═════ Supplied data ═════

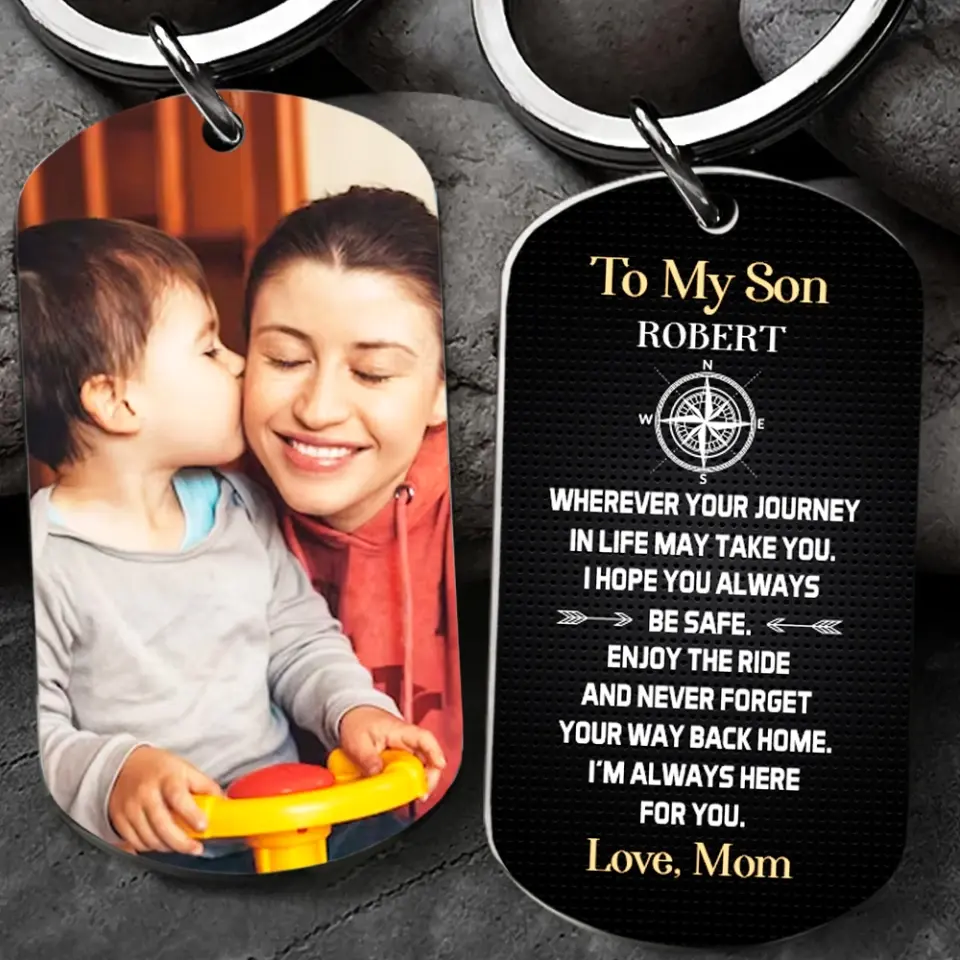 To My Son I'm Always Here For You Personalized Keychain - Image 3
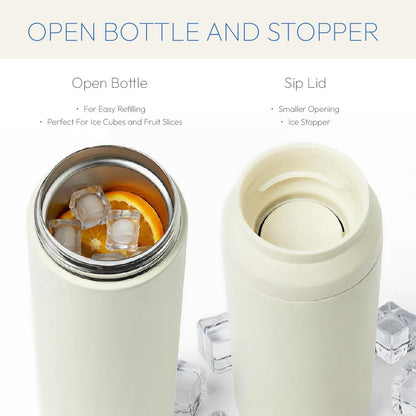 12oz Tumbler With Compartment for Ice, Double Insulated Stainless Steel Water Bottle With Twist Cap & Sip Lid, Travel Size for Purse & Reusable, Cup Holder Friendly Travel Coffee Mug (Cream)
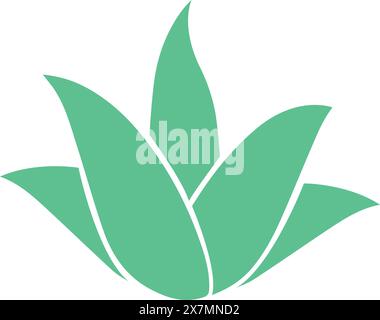 Grünes Logo-Symbol von Aloe Vera auf weißem Hintergrund. Flache Symbole für Logo, Symbol, Etikett und Aufkleber. Vektorabbildung. Stock Vektor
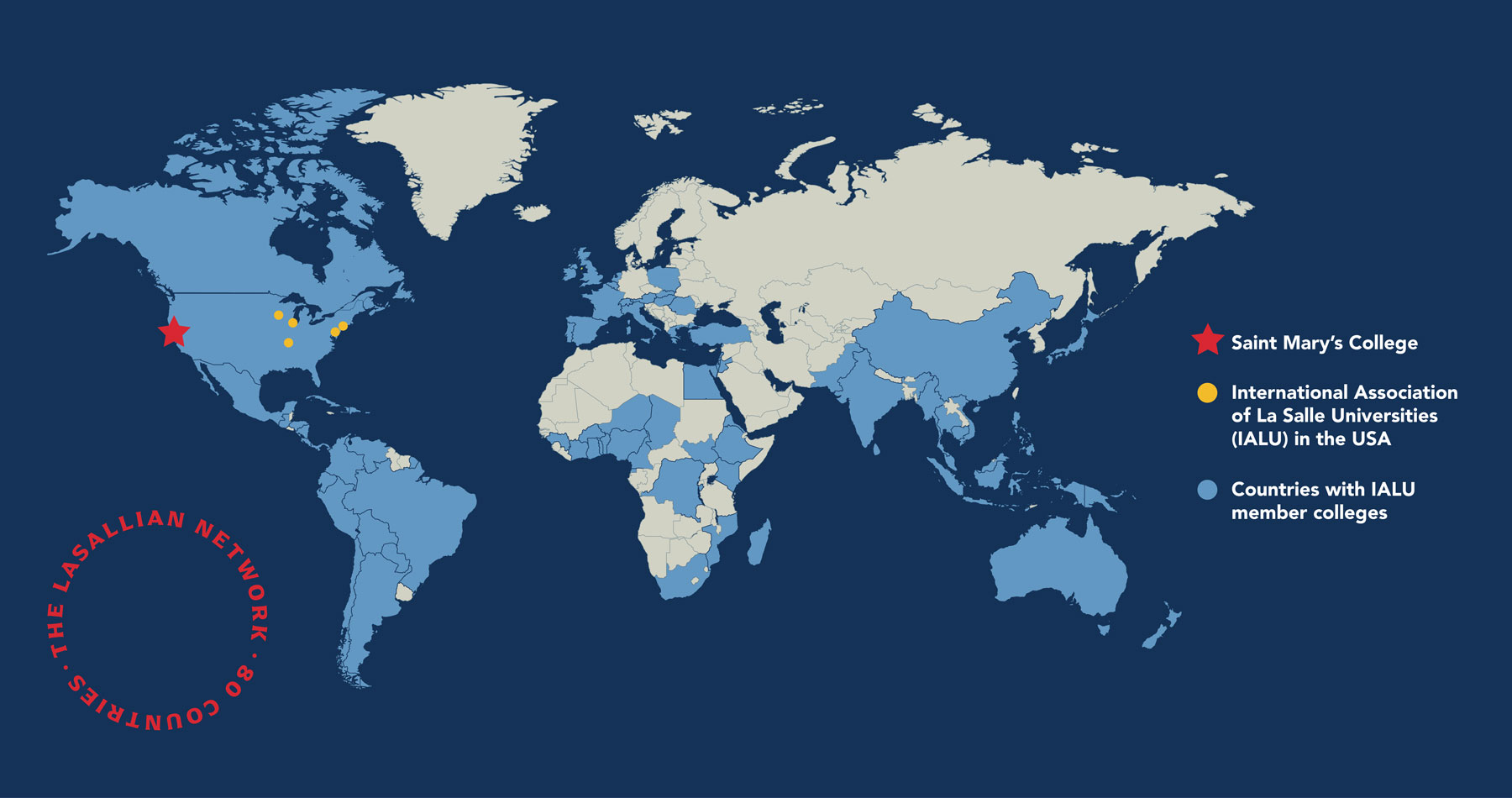 International Association of La Salle Universities World Map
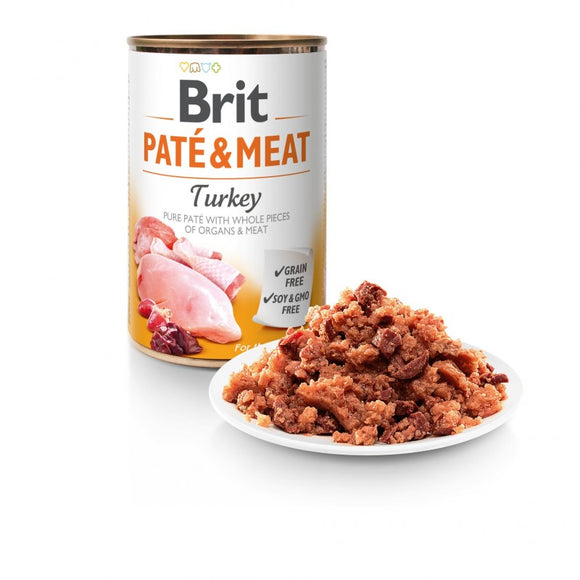 <b>AKCIÓ !</b><br>Brit Paté & Meat 6x400 g<br>PULYKA<br>4.950 Ft helyett 3.690 Ft<br>Lejárat 2023.10.07.
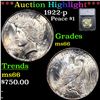 Image 1 : ***Auction Highlight*** 1922-p Peace Dollar 1 Graded ms66 By SEGS (fc)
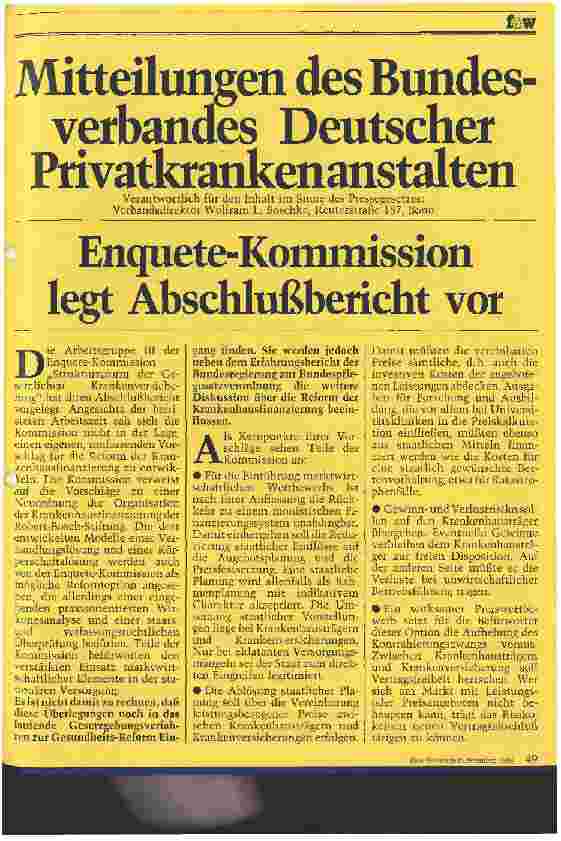 Vorschauseite 1: Enquete-Kommision legt Abschlußbericht vor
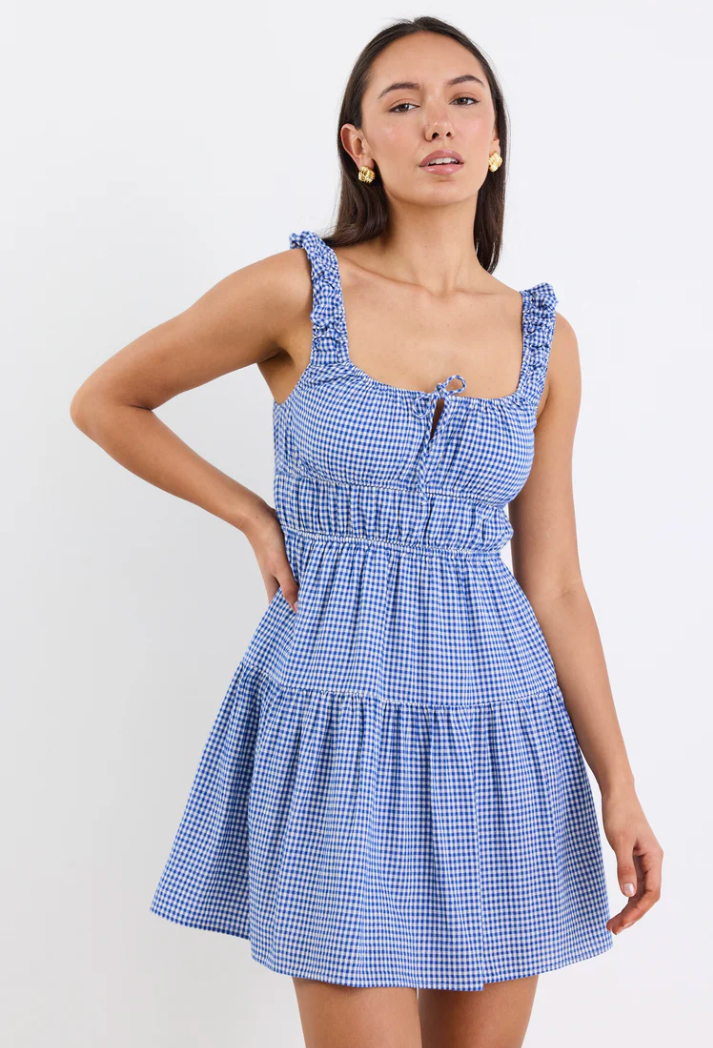 Tricky Electric Blue Mini Gingham Sleeveless Mini Dress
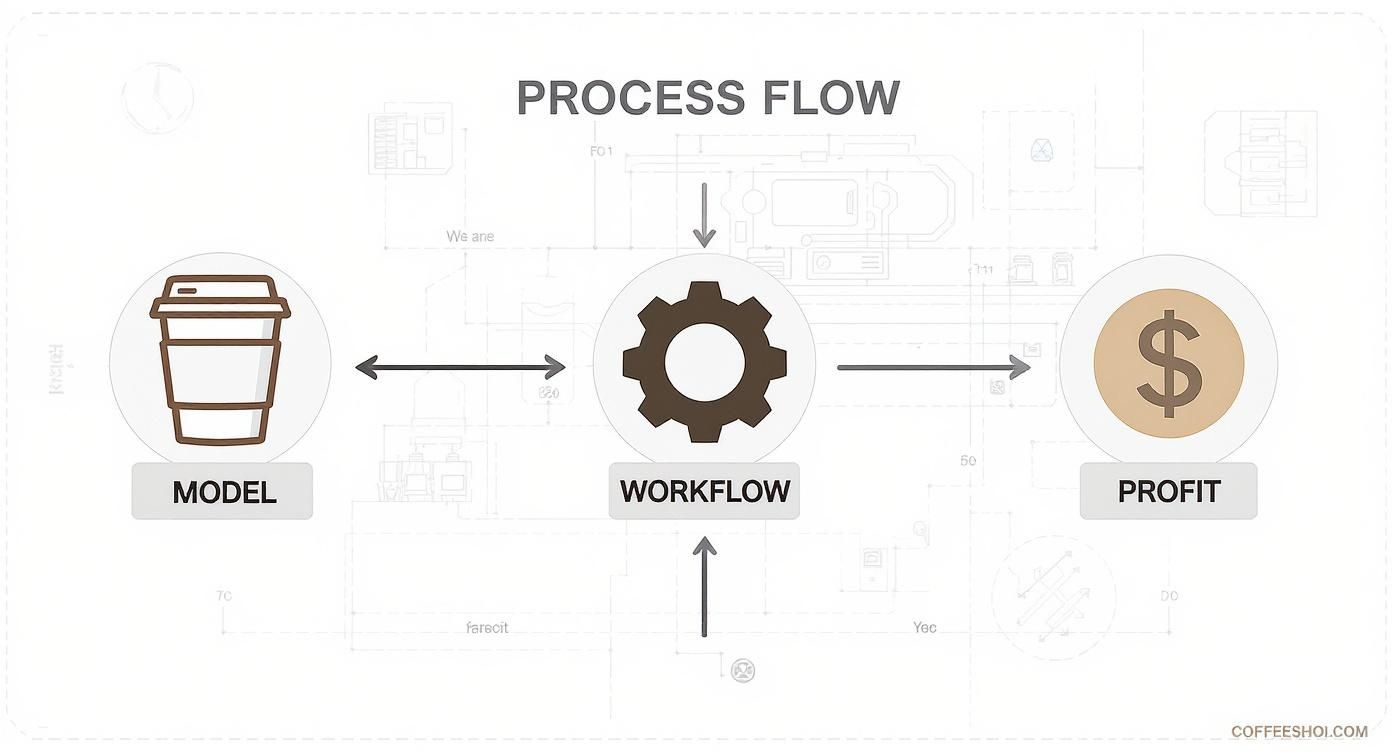 Infographic about coffee shop layout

═════

*Work request:* Your output should be only the lines from the line with "Vorschauseite 1: Enquete-Kommision" through the end of the data, exactly as they stand, and no pictures.

*Result:*
 Vorschauseite 1: Enquete-Kommision legt Abschlußbericht vor
 Tricky Electric Blue Mini Gingham Sleeveless Mini Dress
 Infographic about coffee shop layout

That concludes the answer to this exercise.